Exercise aim. For the listing that follows, give again exactly the lines from the one with "Used 2026 Toyota Corolla LE FWD image 3" to the one with "Only 300 Meters", including both.

Extracted records.

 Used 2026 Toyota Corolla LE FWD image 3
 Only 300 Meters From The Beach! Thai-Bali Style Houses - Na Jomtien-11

==

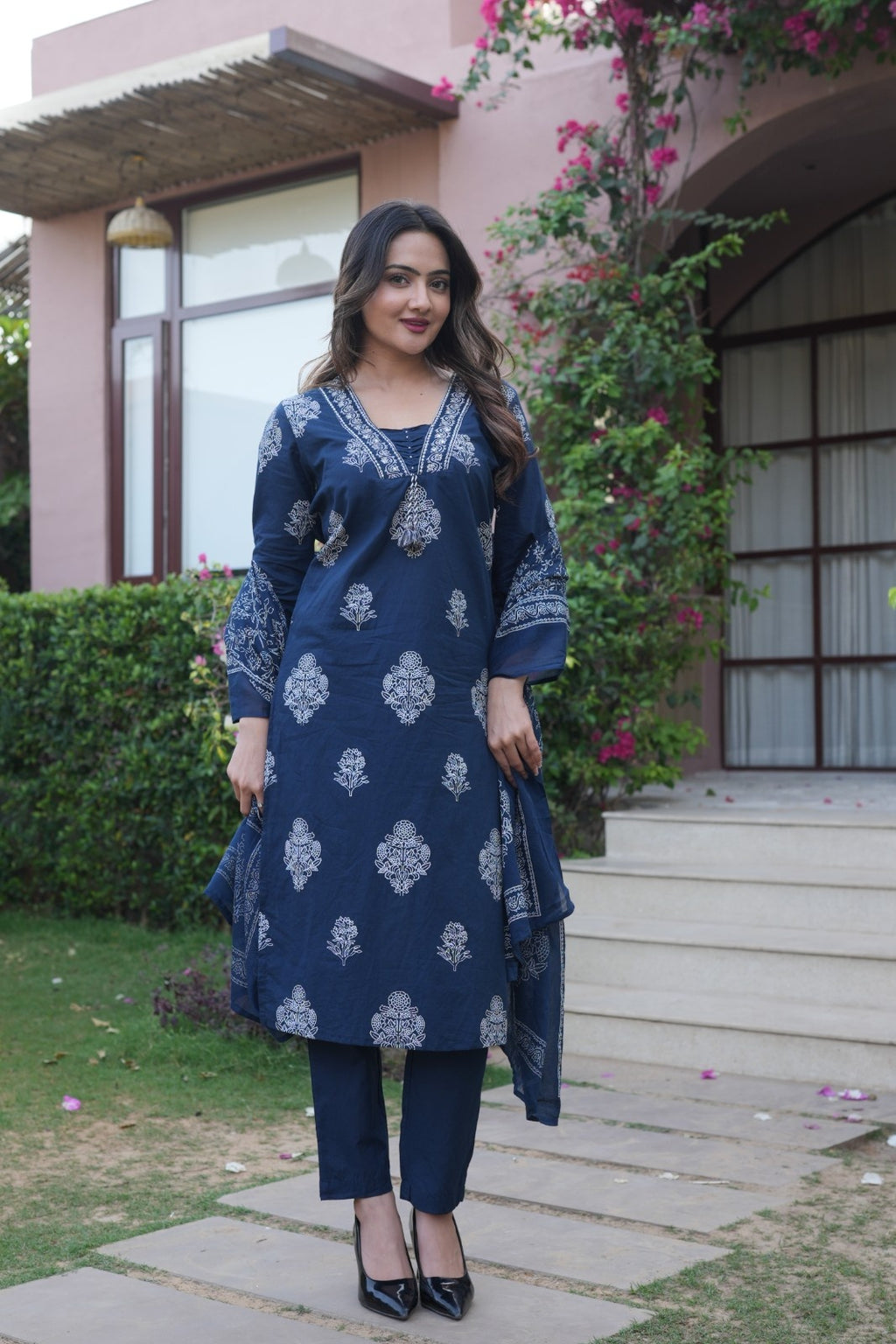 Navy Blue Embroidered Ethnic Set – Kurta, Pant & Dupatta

==

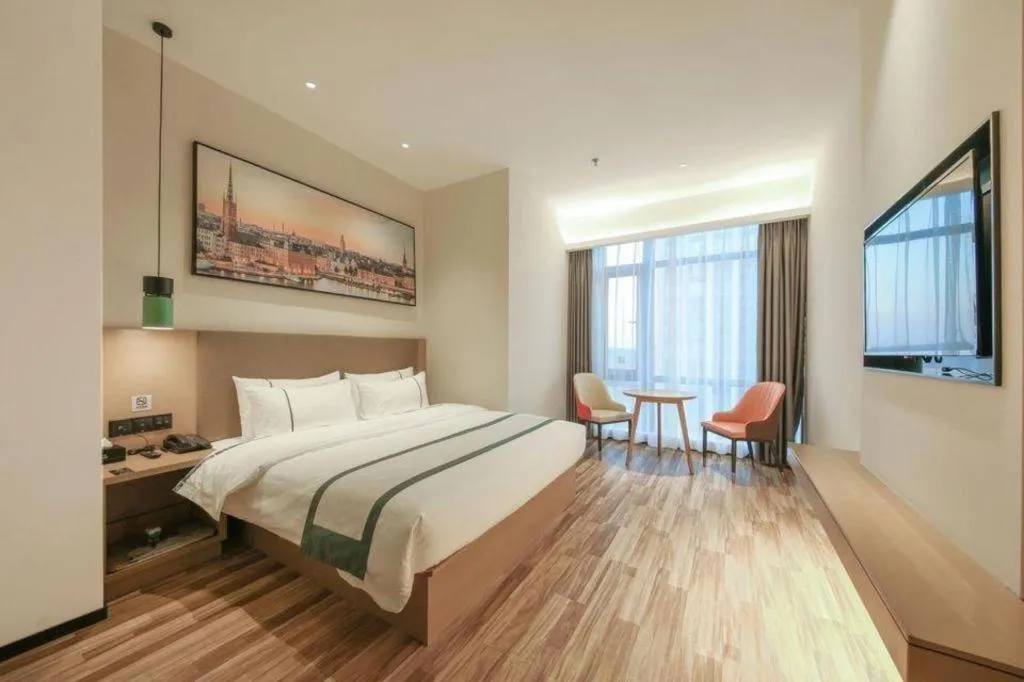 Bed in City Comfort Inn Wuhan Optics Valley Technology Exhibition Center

Task output.
 Used 2026 Toyota Corolla LE FWD image 3
 Only 300 Meters From The Beach! Thai-Bali Style Houses - Na Jomtien-11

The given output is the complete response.